At Henry Boot, we know that volunteering empowers our people to dedicate their time, skills, and passion for the benefit of our communities. This is not only impactful for charities, but also hugely beneficial for our business. Volunteering their time allows our people to connect with issues they care about in the communities in which we work and live. It creates a genuine sense of purpose and cohesion as our people come together to make a real difference for others – whether through inspiring learners, supporting communities, restoring habitats, or sharing knowledge. Volunteering enables our people to develop their skills and experience the positive wellbeing effects associated with helping others. This use of our time is helping shape our evolving culture as we celebrate being a long-term sustainable business that genuinely cares for the communities we work with, while we create exciting new places across the UK.

Alexandra Berry, Head of Sustainability at the Strand Palace Hotel said:

Our team love to get involved in team-building hikes, red nose days, wellbeing walks, ‘Wear it Pink’ days, charity runs, bingo nights, themed quizzes, clothing donation drives, as well as offering our team a paid volunteering day each year. Feedback from our team has expressed these community events provide socialisation and relaxation outside of the hotel alongside contribution to a charitable cause, of which they are passionate about supporting.

In 2023, the team raised over £3,000 through 8 local fundraising activities. What’s more, we have a regular commitment with The Connection at St Martins for our team members to volunteer to spend time with The Connection’s guests in their art room. With arts, crafts and chatting, the visits from the Strand Palace team help to build the guests’ confidence and social skills, providing a creative outlet away from the stress of being homeless.

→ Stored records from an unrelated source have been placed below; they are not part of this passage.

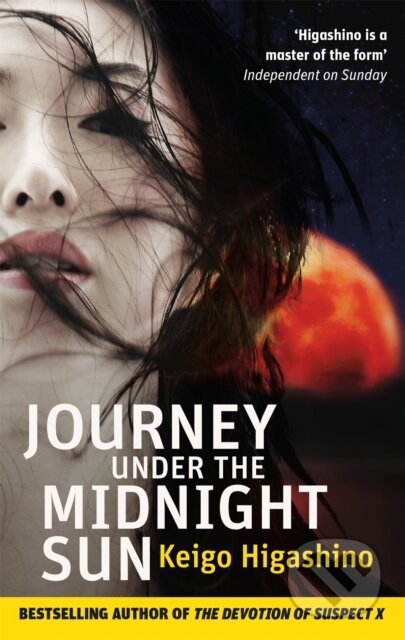 Kniha: Journey Under the Midnight Sun (Keigo Higashino). Abacus, 2016 Kniha: Journey Under the Midnight Sun (Keigo Higashino). Abacus, 2016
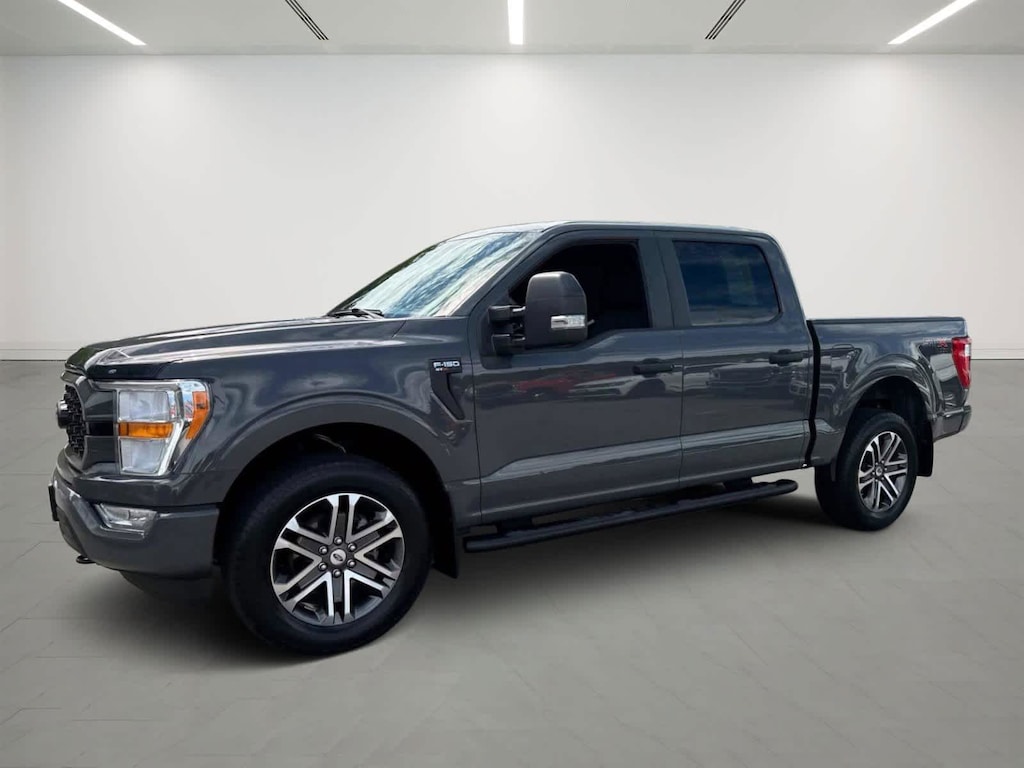 Used 2021 Ford F-150 XL 4WD Supercrew 5.5 Box 4WD SuperCrew 5.5 Box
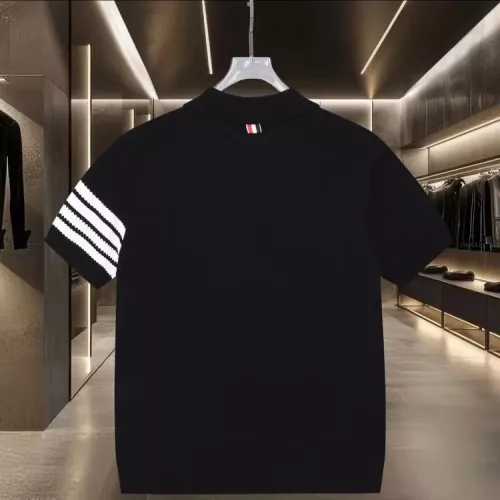 Cheap Thom Browne TB T-Shirts Short Sleeved For Men #1354249 Replica Wholesale [$45.00 USD] [ITEM#1354249] on Replica Thom Browne TB T-Shirts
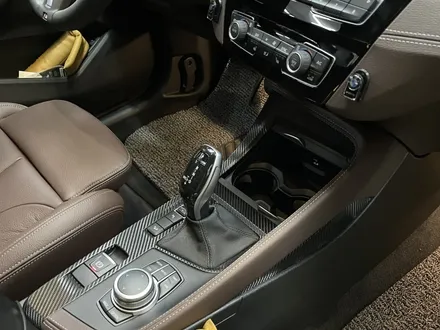 BMW X1 실내 카본 랩핑 [ 강남카크로스 ] [ 광명카크로스 ] / 광명, 안양, 시흥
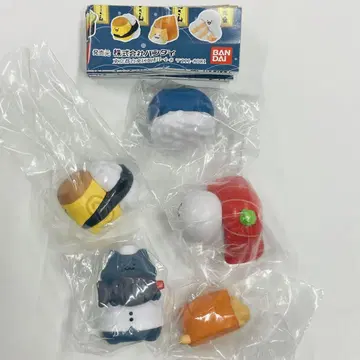 오문구와 함께 헤이이 5종 가챠 캡슐 토이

*Workplace volunteering is when employers support their staff to take part in volunteering opportunities, usually during work hours. The proportion of recent volunteers who have used their professional skills in their volunteering has increased from 50% in 2019 to 60% in 2023.
**HM Treasury’s approach suggests that this improvement in wellbeing has an economic value of between £800 and £1,290 per additional volunteer. This means that expanding workplace volunteering to cover all employees could generate £1.2 billion – £3.6 billion of wellbeing benefits across the additional volunteers, with a central estimate of £2.2 billion.
***Someone participating in formal volunteering is likely to report higher level of life satisfaction using the ONS Life Satisfaction scale, for example. Involvement in workplace volunteering schemes specifically has been shown to lead to better self-reported health, lower risk of depression, and higher levels of job engagement and satisfaction. In addition, links have also been made between workplace volunteering and reductions in sickness absence, with the Evolve Workplace Wellbeing calculator estimating that participation in a workplace volunteering scheme provides an average reduction in absence of around 0.9 days per year.
****This rise from 2019 to 2022 is the equivalent of each worker taking an additional 1.5 days of sick leave across the year.
*****In addition, the increased job satisfaction and improved skills developed through workplace volunteering would be likely to help drive up productivity. Almost three quarters (74%) of volunteers feel that the experience has increased their confidence, and seven in ten (71%) feel that it improves their skills.
******Research by Pilotlight in 2022 suggested that, rather than leave it to employees to take action on their own, employers should take steps to help employees around the options for volunteering. Over a third of employees (38%) for example say that an obstacle to volunteering is a lack of guidance from their employer. This is a barrier, Pilotlight suggests, that employers are able to lift, particularly if they see business benefits in terms of staff development in doing so. Of those currently involved in workplace volunteering, 79% believe that businesses themselves benefit from the practice.
*******Research by Pro Bono Economics and the NTU National VCSE Data and Insights Observatory.